What to do: The lines in the listing below are to be given again exactly, starting at the line holding "vrachtwagencontainer van cartage" and ending at the line holding "Des Moines, IA에서". Do not include pictures.

Information supplied:

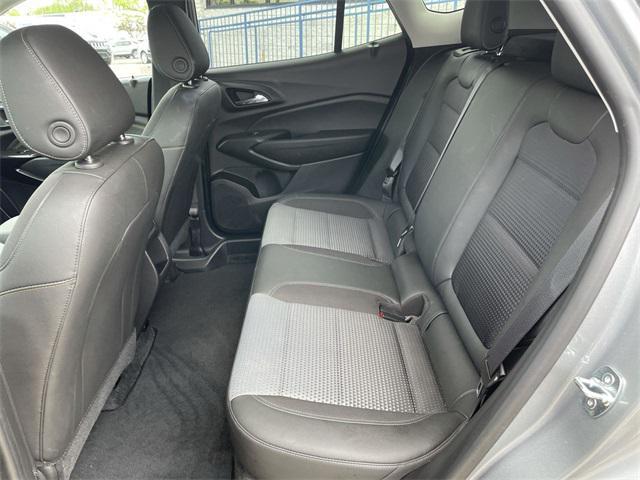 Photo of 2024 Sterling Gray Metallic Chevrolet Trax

...

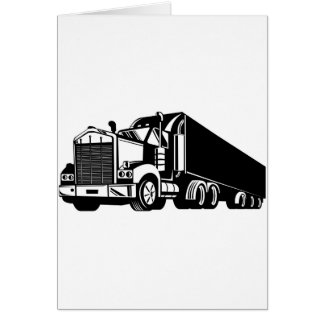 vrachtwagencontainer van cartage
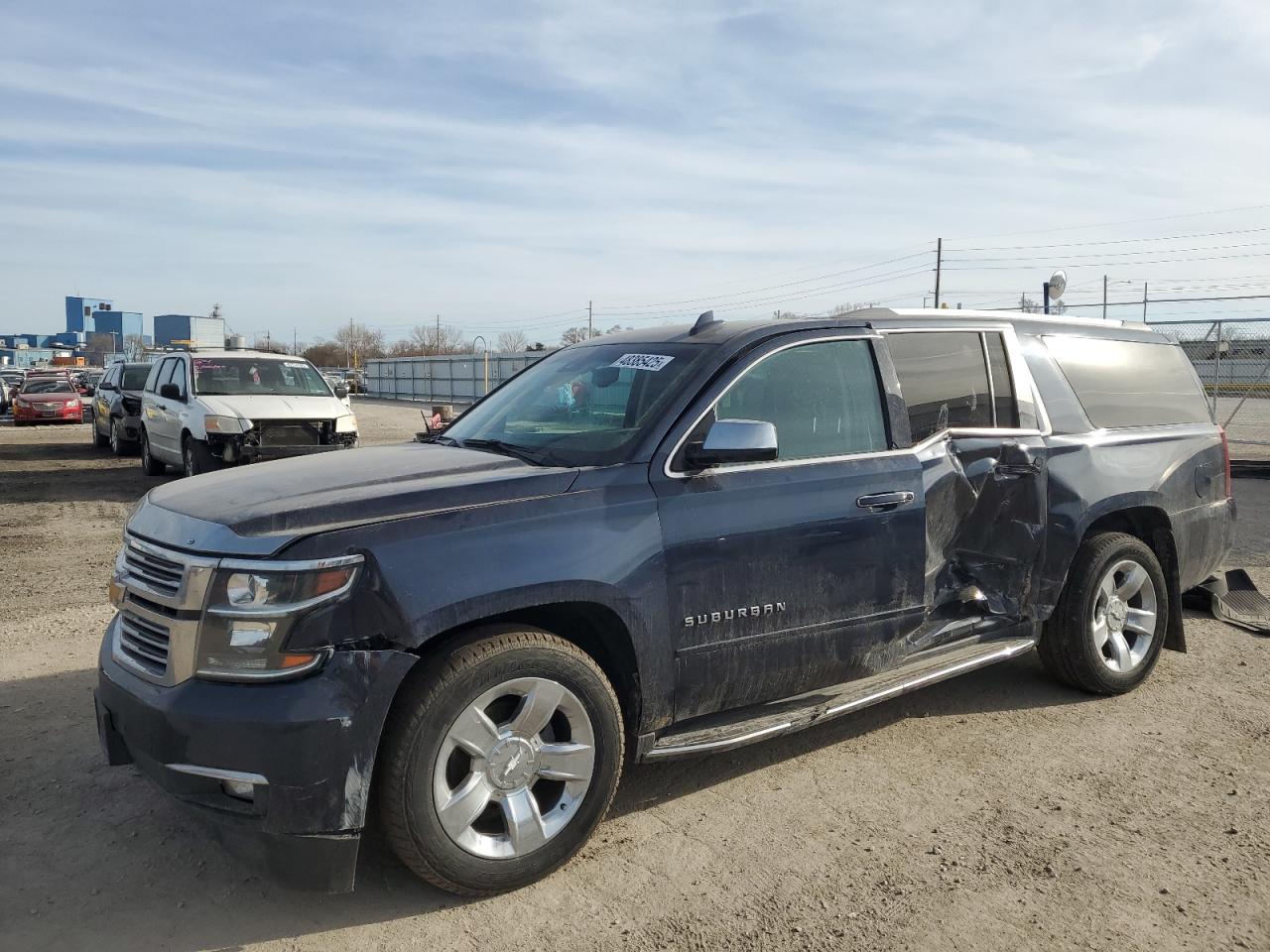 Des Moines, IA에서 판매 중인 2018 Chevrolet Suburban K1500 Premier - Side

* * *

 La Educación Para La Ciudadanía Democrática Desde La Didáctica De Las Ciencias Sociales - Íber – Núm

Answer section:
 vrachtwagencontainer van cartage
 Des Moines, IA에서 판매 중인 2018 Chevrolet Suburban K1500 Premier - Side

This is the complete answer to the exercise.